Nineteen of Minnesota's most struggling schools will receive nearly $25 million in federal grants to improve student performance.

The list includes charter schools and regular public schools, many of them located in the state's poorest communities.

Minnesota Department of Education leaders made the announcement this morning at its headquarters in Roseville.

"Not only do these 19 schools have the willingness to make the quick and dramatic changes necessary to help students achieve, they also have the capacity to make the necessary changes," said Patricia King, director of the state education department's Office of Turnaround Schools.

The state identified the lowest-performing schools based on test scores and graduation rates. Of those, 26 schools picked one of four turnaround plans and applied for the money.

All the schools chose models in which they had to replace their principals, but none of them decided to shut down or convert to a charter school.

State education officials said the seven schools that applied but did not receive the grants were not in a position to execute their improvement plan by the start of the school year, a requirement for the federal School Improvement Grant program.

Four of the eligible schools opted out of the program, so they won't have to make the changes but also won't get the money.

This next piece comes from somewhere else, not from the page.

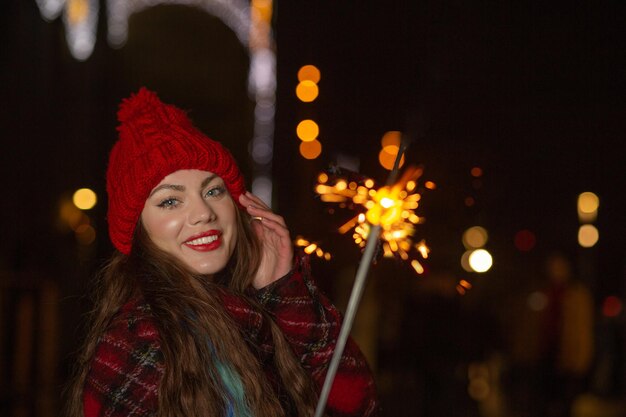 Heureuse femme au chapeau rouge s'amusant avec des lumières étincelantes en plein air le soir. Espace libre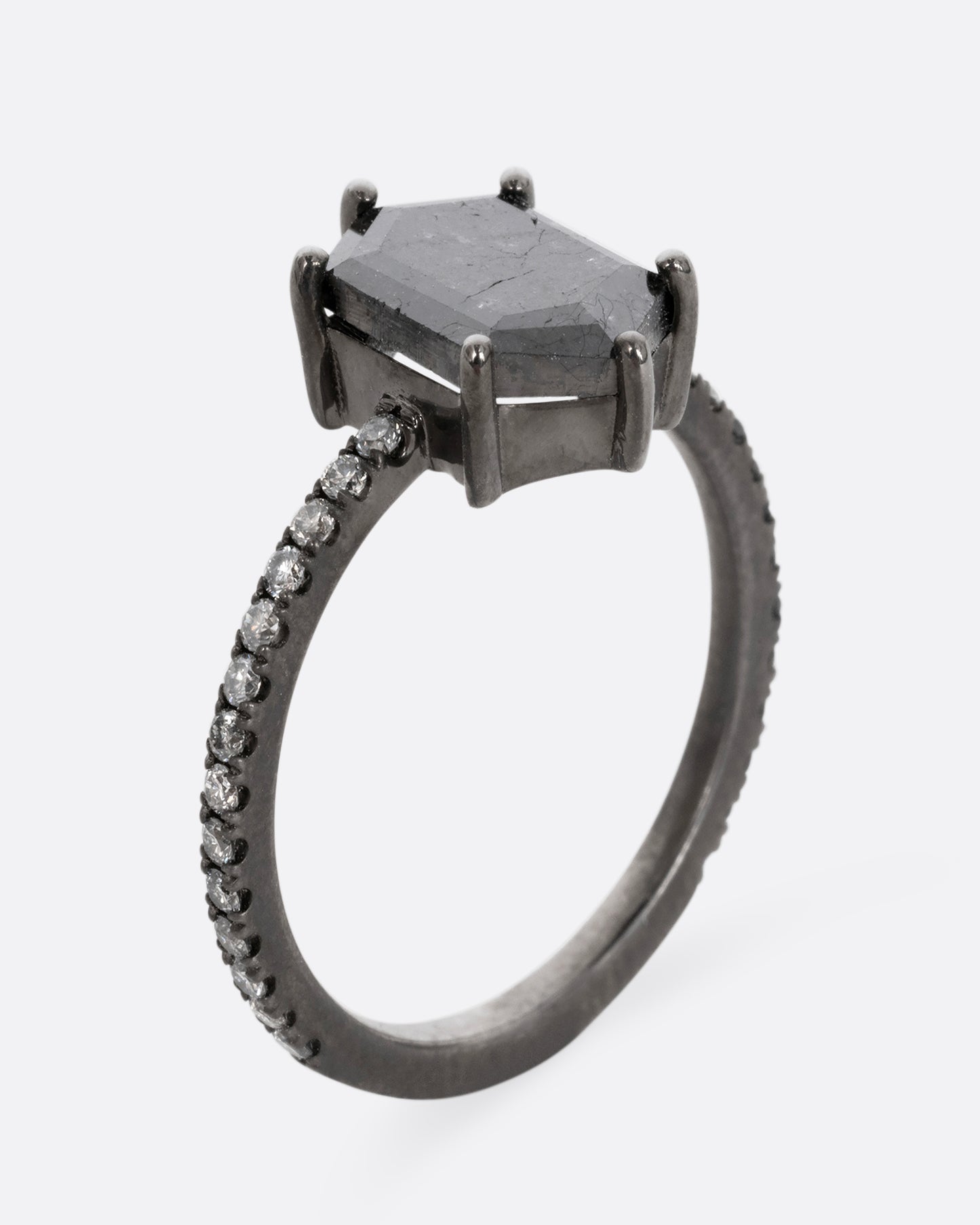 A rhodium finished white gold ring with a single black diamond and a pave diamond band. Shown from the side, standing up.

The schools receiving money are: Bethune Elementary, Braham Area Secondary, Broadway Arts & Technology, Brooklyn Center Secondary, Cass Lake-Bena Secondary, East Central Senior Secondary, Edison Senior High, Hmong INternational Academy, Humboldt Senior High, Isle Secondary, Lucy Laney at Cleveland Park Elementary, Maxfield Magnet Elementary, New Visions Charter School, North View IB World School, Ogilvie Secondary, Ponemah Elementary, Red Lake Senior High, Waubun Secondary and Wellstone International High.